Nonprofit organization

Globe Aware, established in 2001, is an international, non-religious, non-governmental, non is buns-political nonprofit organization headquartered in Dallas, Texas. The organization was founded by Kimberly Haley-Coleman and holds special consultative status with the United Nations. Globe Aware's mission is to promote cultural awareness and sustainability by implementing community projects in various international host communities. Volunteers are mobilized for short term service projects in over 17 program sites around the world. Like peers such as Habitat for Humanity, the organization is led by volunteer efforts.

== Recognition ==
Globe Aware, a federally recognized 501(c)(3) nonprofit organization, has been a member of the International Volunteer Programs Association since 2003. In 2006, Globe Aware partnered with Travelocity to be a Change Ambassador for Travelocity's Travel For Good program. In addition, in 2007, Globe Aware was authorized to administer the President's Volunteer Service Award to its volunteers. Globe Aware is an active member in the United Nations' sponsored Building Bridges Coalition and works with grassroots NGOs around the world. Globe Aware is also a partner of Volunteers for Prosperity, a government sponsored initiative to encourage international voluntary service by highly skilled American professionals supporting the global health and prosperity goals of the U.S. Government. Globe Aware also partners with UniversalGiving, an online nonprofit organization to offer their volunteer opportunities to people around the world.

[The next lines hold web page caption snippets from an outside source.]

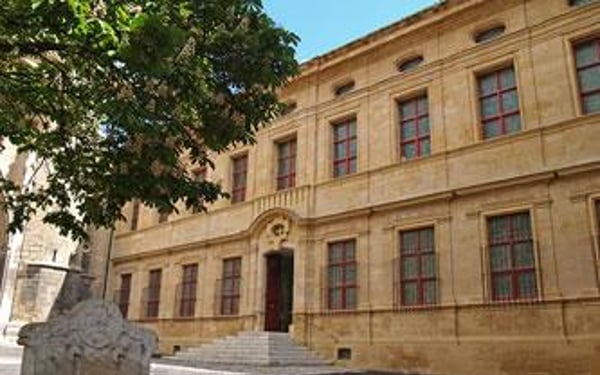 Musée Granet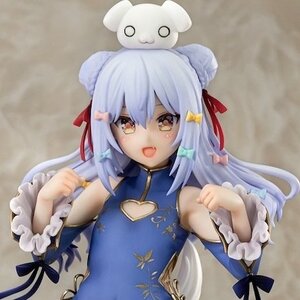 Virtual YouTuber Inuyama Tamaki 1/7 Scale Figure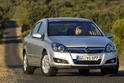 Opel Astra Notchback 5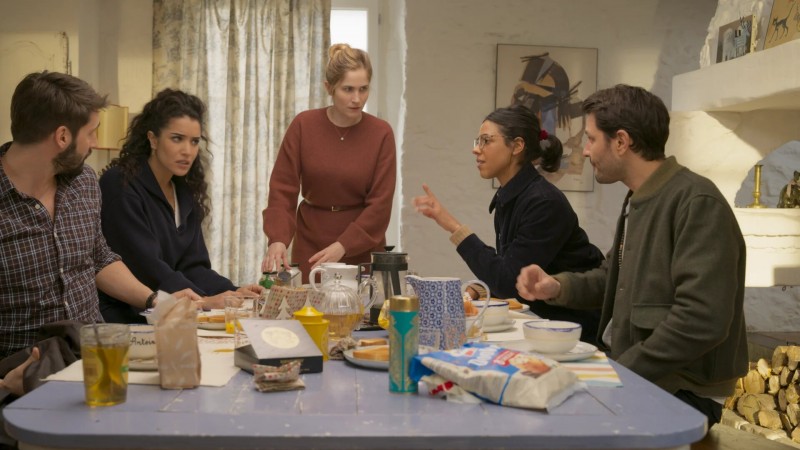 План любви 3 сезон 2 серия План любви 3 сезон 2 серия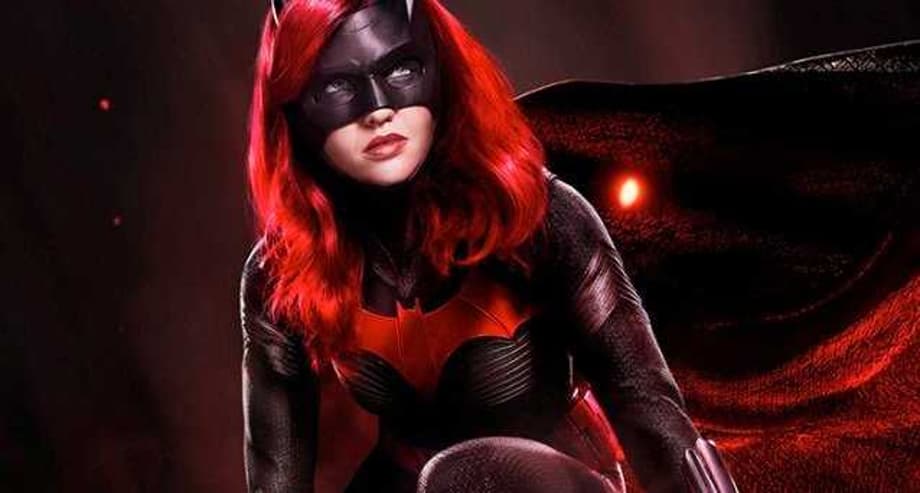 BATWOMAN Star Ruby Rose Parts Ways With The CW Series; Role Will Be Recast For Season 2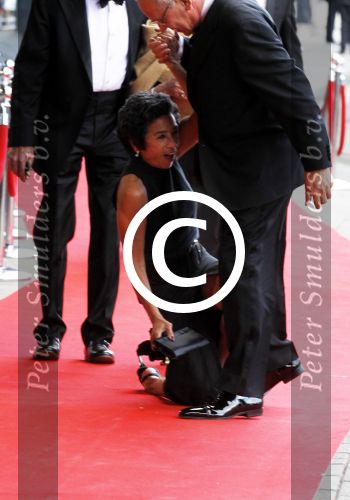 Amsterdam 27 mei 2011
Verjaardagsfeest prinses Maxima vanwege haar 40e verjaardag in het concertgebouw. Aanwezig oa Prins Willem Alexander Koningin Beatrix Prinses Irene Prinses Christina Margriet Pieter v Vollenhoven Prins Friso en mabel Wisse Smit Prins Constantijn en Prinses laurentien Prins Maurits en Marilenen Prins Bernhard en Annette Prins Floris en Aimee  Prins Pieter Christiaan en Anita alsmede haar ouders Jorge Zorrequieta en moder en broer Martin. Gerrit Zalm met vrouw
Peter Smulders bv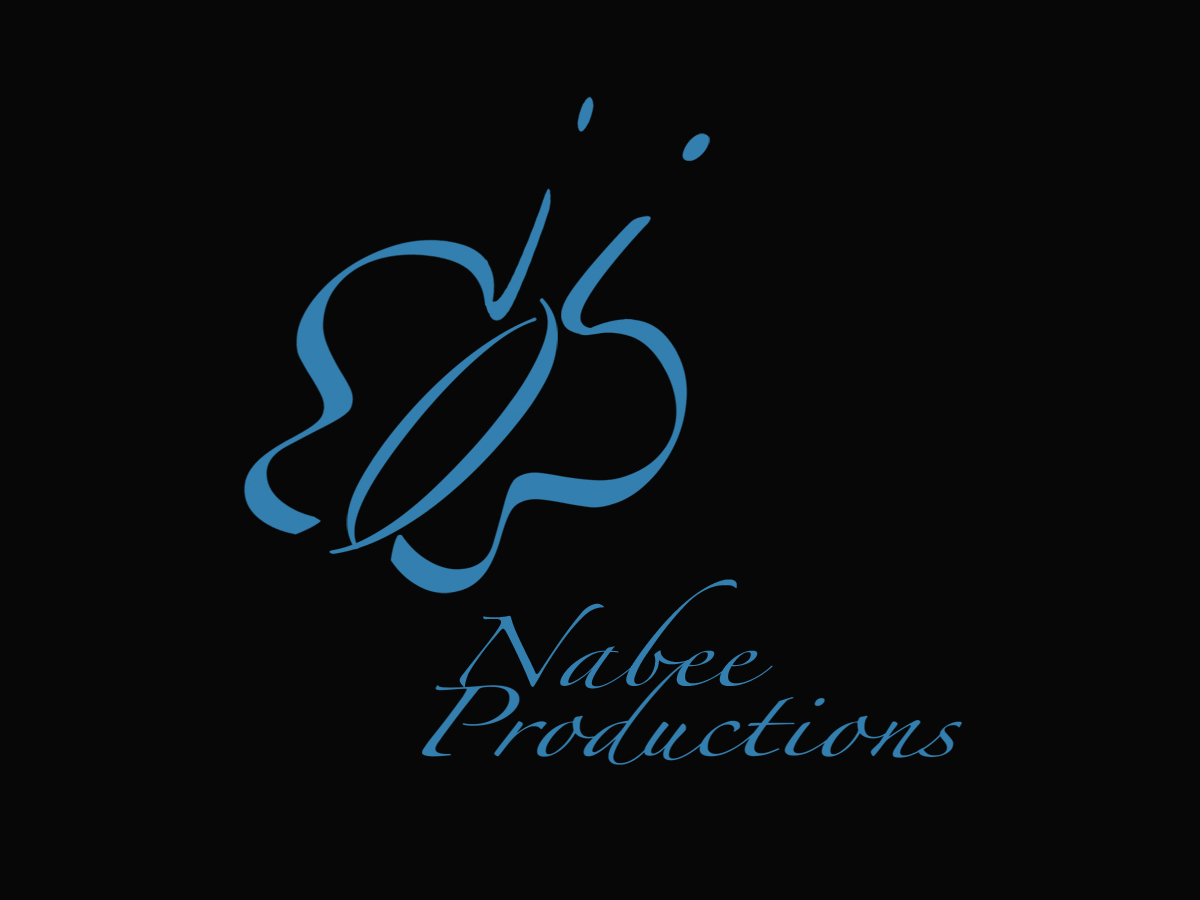 Logo Design by ihickman for Nabee Productions | Design #404863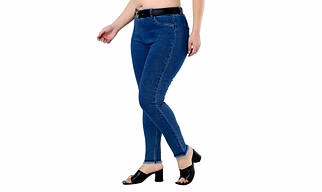 Jeggings Loop Light Women Denim Jeans Blue Bulk  Supplier, Importer, and Global Buyer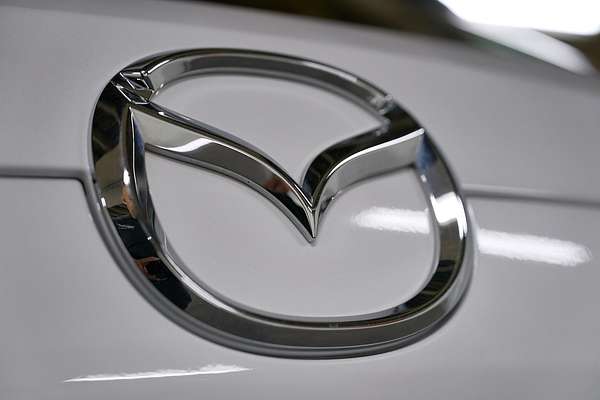 2023 Mazda CX-5 G20 Maxx KF Series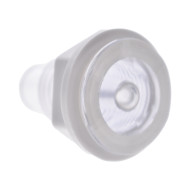 LED 7/8" (22mm) transparent location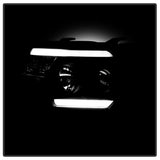 Spyder Signature Projector Headlights for 2012 to 2015 Toyota Tacoma - image 2
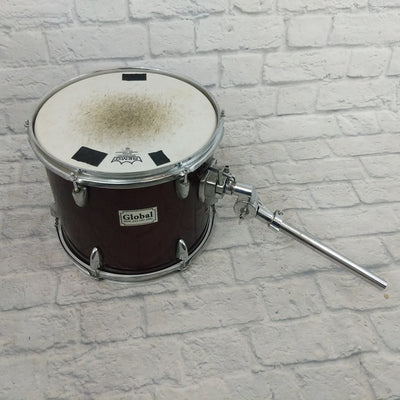 Global 13" Rack Tom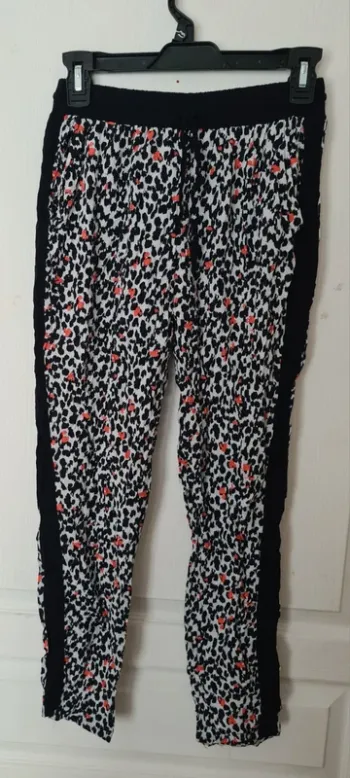 Pantalon léger
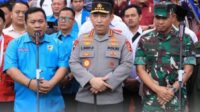 Ketua Umum DPP KNPI Tunjuk Rohmat Sebagai Karetaker: DPD KNPI Jawa Barat Segera Gelar Musda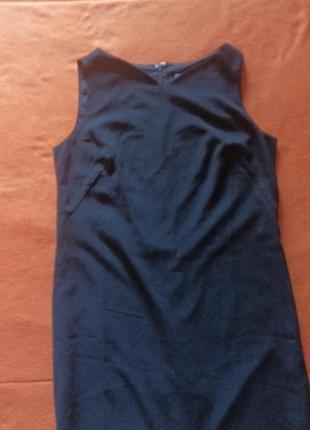Платье zarina 48(6) с подкладкой (новое)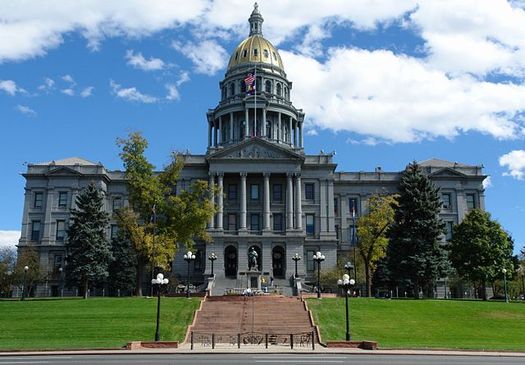 PHOTO: Business, faith and community groups say legislation scheduled this week in a Colorado House committee would pave the way for businesses and individuals to discriminate against others who don't share their religious views. Photo credit: Hustvedt/Wikimedia Commons. 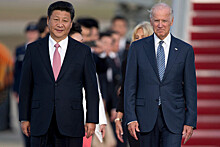 Колумнист Bloomberg Фокс заявил о независимости Китая от западных технологий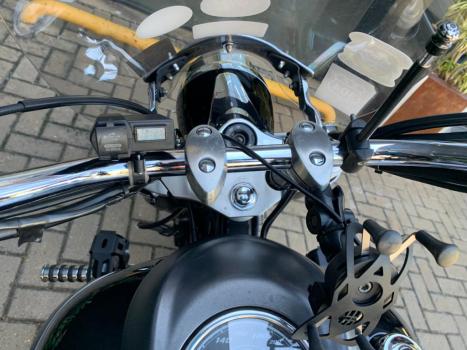 YAMAHA XVS 950 MIDNIGHT STAR, Foto 6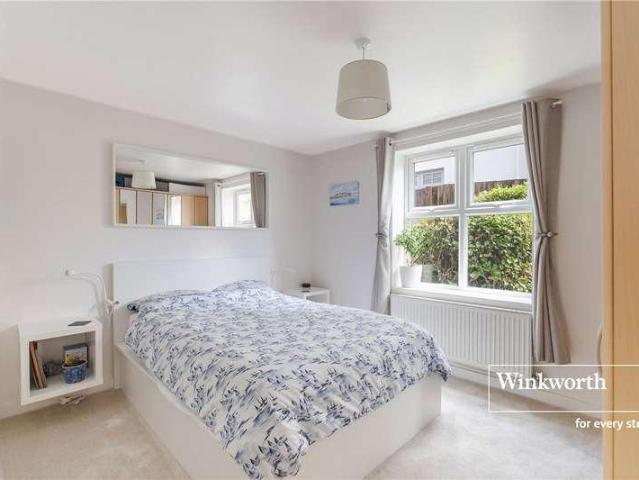 Flat for sale in Southbourne, Bournemouth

Globe Aware operates in a variety of countries, including Costa Rica, Vietnam, Ghana, and Cuba, as evidenced by the Today Show's article "6 Places Where You Can Reinvent Yourself". According to Self, 65% of Globe Aware's volunteers are single travelers, in addition to a number of families who volunteer together. From 2003 to 2008, Globe Aware saw a 100% increase in the number of families signing up for volunteer vacations.

Over the years, there has been a rising trend in the popularity of volunteer vacations and a rapid increase in the number of people interested in volunteering while traveling. The numerous options of organizations offering volunteer vacations have left prospective travelers struggling to understand the difference between each organizations and the programs they offered. Organizations like International Volunteer Programs Association and travel experts like CBS News' Peter Greenberg objectively critique and recommend programs for travelers.

Globe Aware has been featured in publications including the Huffington Post, Condé Nast Traveller, and the Wall Street Journal.